Ich habe zwar schon bei einigen Projekten mitgewirkt, aber keins aufgesetzt, bzw. neu importiert, dennoch habe ich es nun im Moment ohne Fehler und fehlende Klassen zum laufen bekommen. Das einzige Problem was im Moment noch vorliegt folgendes:

Diese Anwendung wird durch eine andere aufgerufen (php WebApp erzeugt Popup mit url zu einer index.jsp auf localhost inkl einiger get-parameter). Im Debugger sehe ich dann auch, wie der Request im facesRedirectFilter seziert wird und dann die neue Adresse ausgelesen wird. Im weiteren Verlauf komm ich dann in die index.jsp. Dort wird unter anderem folgender Code ausgefuehrt:
Enumeration parameterList = request.getParameterNames();

Und an dieser Stelle stellen sich mir 2 Fragen:
Woher kommt das Objekt request?
Warum ist die Liste mit den Parameter leer, wobei ich doch vorher noch im Filter gesehen habe, dass die Url Parameter enthaelt?

Was noch zu der index.jsp zu sagen ist:
Von anderen Projekten, wo ich mitgewirkt habe, weiss ich, dass dort in den jsps eigentlich immer nur pseudohtml code enthalten war und jegliche datenaufbereitende Logik in Beans abgearbeitet wurde. In diesem Projekt aber enthalten die jsps mehr speziellen Java-Code, als es mir je untergekommen is und vor der o.g. Zuweisung stehen nur ein paar Import-Tags.
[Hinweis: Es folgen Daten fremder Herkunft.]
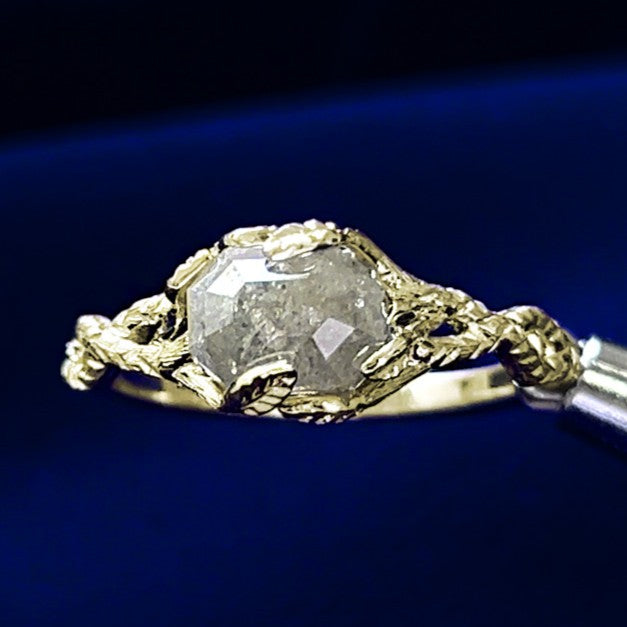 An octagon salt and pepper diamond held with leaf-shaped prongs on a band of twisted branches made from 14k champagne gold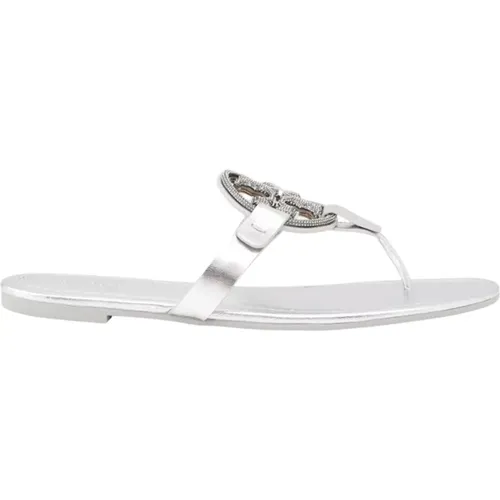 Silberne Flip-Flops Stilvoll und Bequem , Damen, Größe: 38 1/2 EU - TORY BURCH - Modalova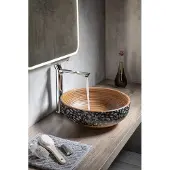 Sapho Priori keramische ronde waskom 40cm bruin/blauw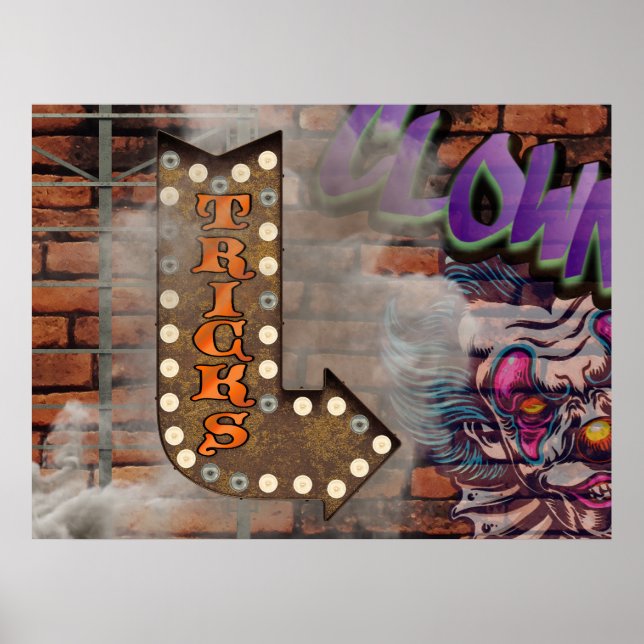 Marquee Sign Graffiti Scary Clown (Front)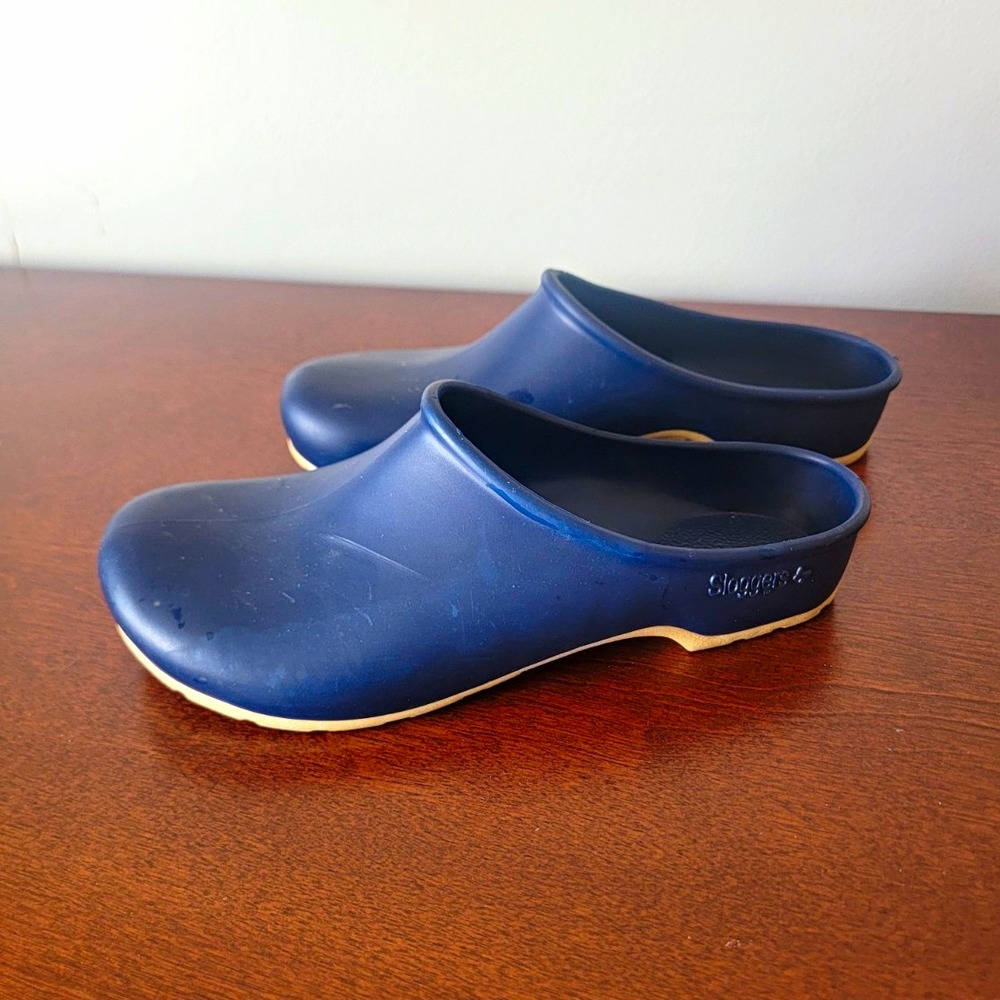 Sloggers Women's Blue Rubber Slip-On Clog Shoe US 9 EU 40 Outdoor Rain Gardening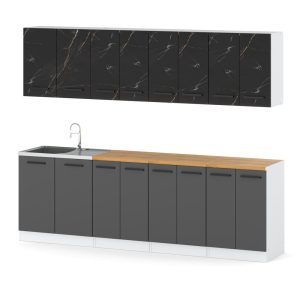 Kuchnia vero 2.6m nowoczesna biała san sebastian szara mat 576644 Kuchnia vero 2.6m nowoczesna biała san sebastian szara mat 576644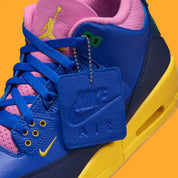 Air Jordan 3 Brazil jaune et verte avec print elephant et semelle Air visible iconique.
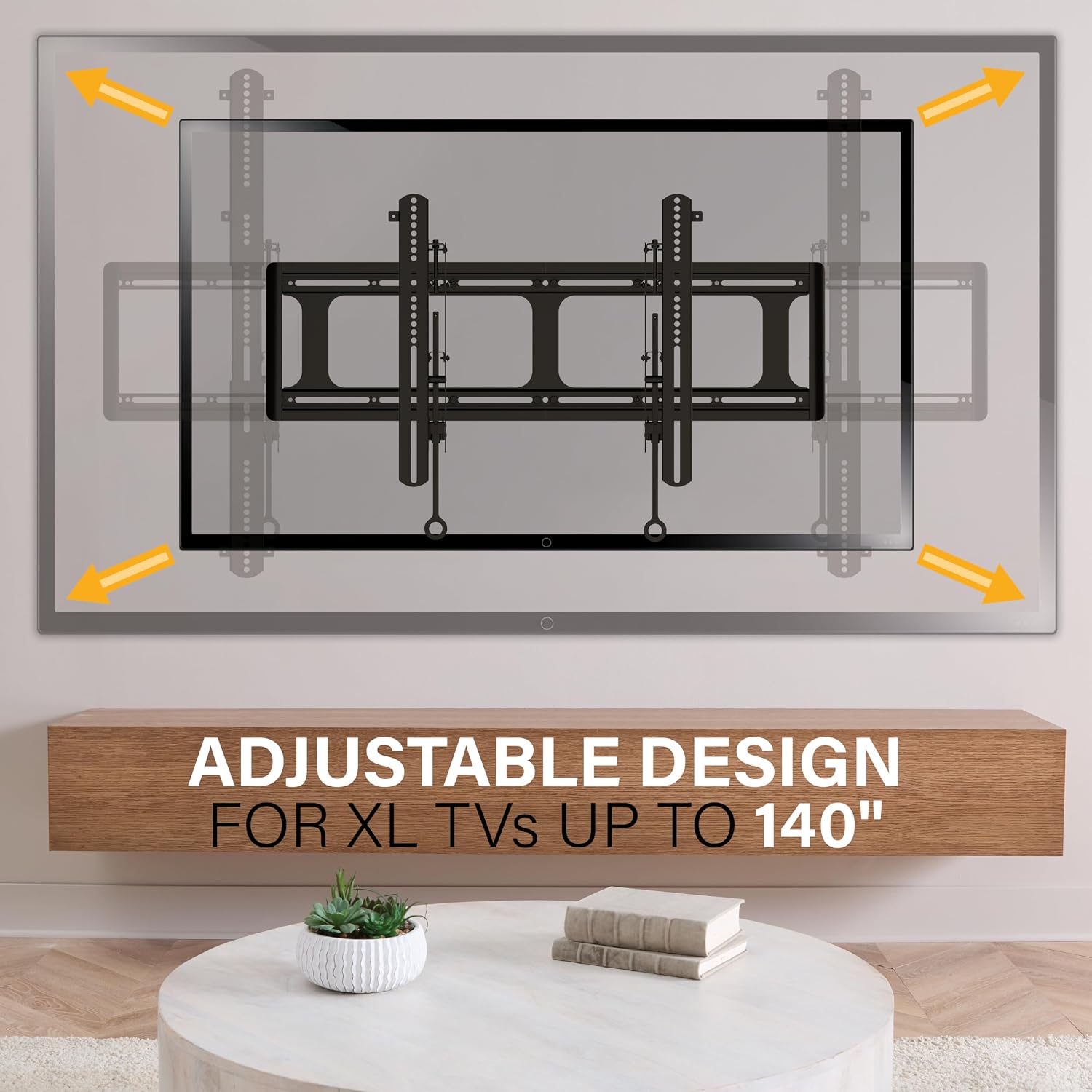 SANUS XL Fixed TV Wall Mount for 65"-140" Screens up to 300lbs – 1.96" Low Profile TV Mount w/Universal Design Fits VESA Patterns up to 1100x700mm - Easy Install w/Included Drill Template & Hardware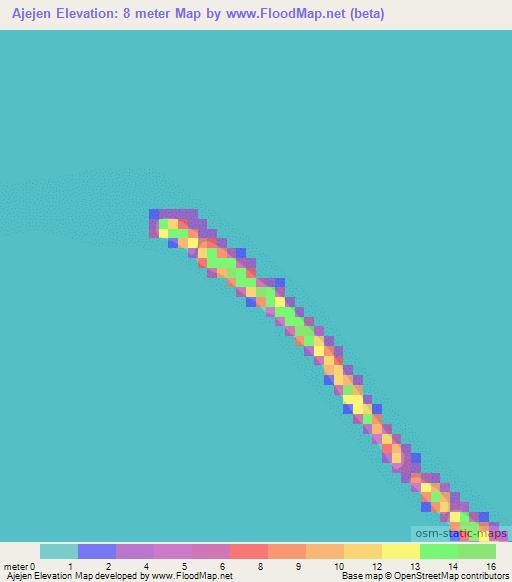 Ajejen,Marshall Islands Elevation Map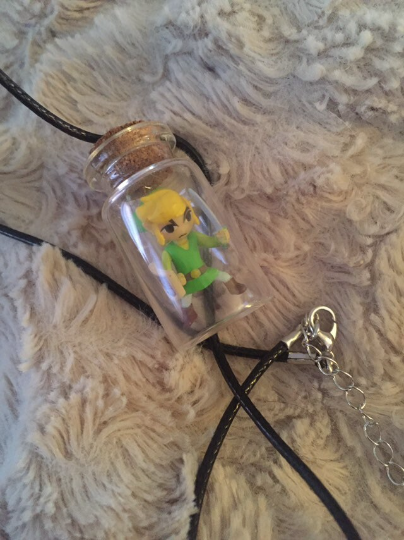 Video Game Legend of Zelda Inspired Bottle Necklace - Fan Art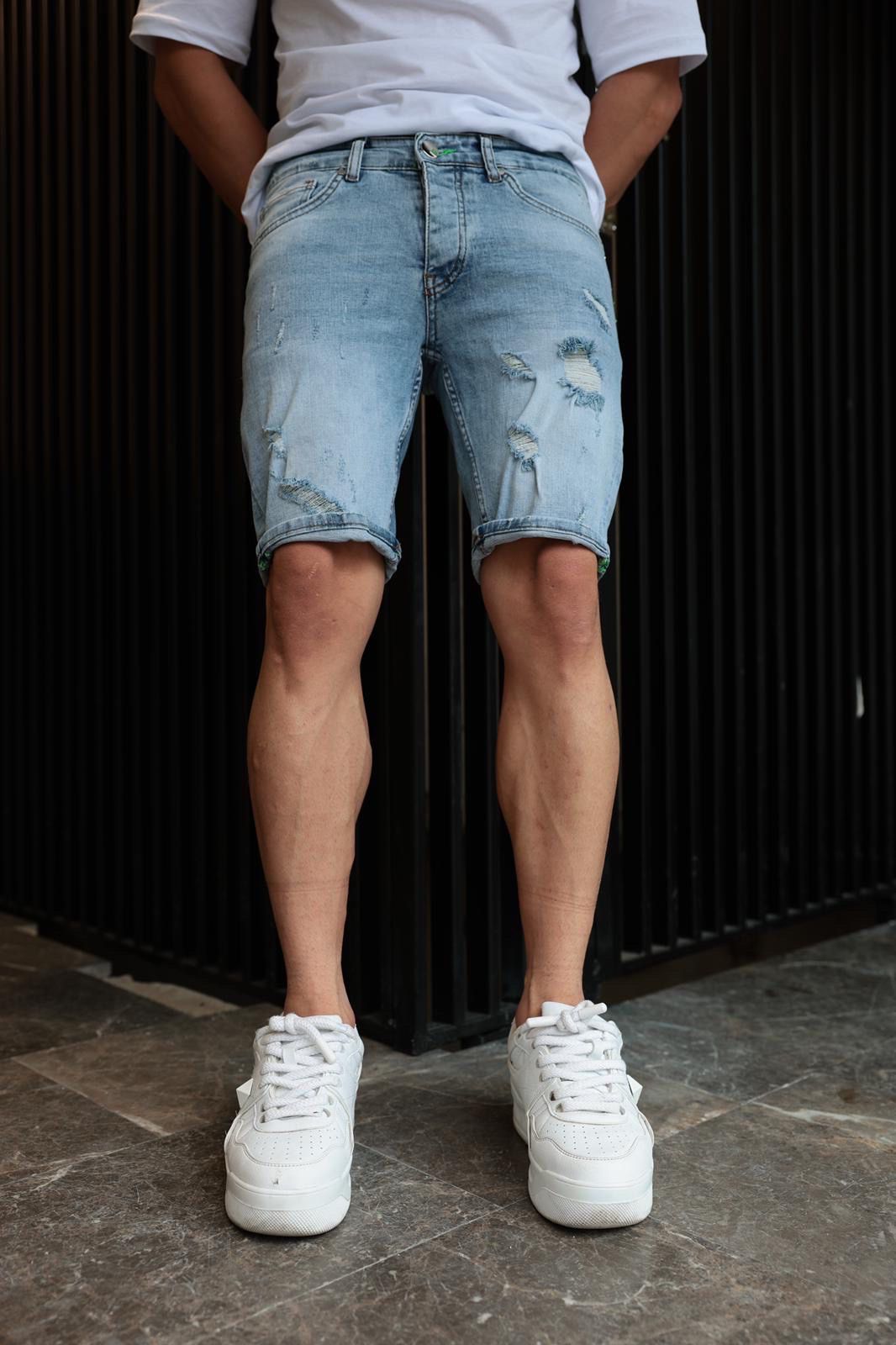 Short en jean déchiré bleu clair pour homme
Waere nett, wenn mir da einer helfen koennte, vorher hat es das Project lokal noch auf einer Maschine mit myEclipse getan, geht hier aber aus Lizenzgruenden nicht...desweiteren fehlte beim Einrichten unter Eclipse immer die javax.servlet Bibliothek, die ich mit den ServerRuntimes vom Apachi innerhalb der servlet-API hinzugefuegt habe.


----------



## habeKA (12. Nov 2008)

Hm ohne Code / Fehlermedlung und so ist es nicht unbedingt leicht dir zu helfen  :wink: .
Aber ich werde es mal versuchen.

Also 



> Warum ist die Liste mit den Parameter leer, wobei ich doch vorher noch im Filter gesehen habe, dass die Url Parameter enthaelt?



Ich denk mal das die Parameter falsch übergeben werden. Wohin kann ich dir ohne code nicht sagen.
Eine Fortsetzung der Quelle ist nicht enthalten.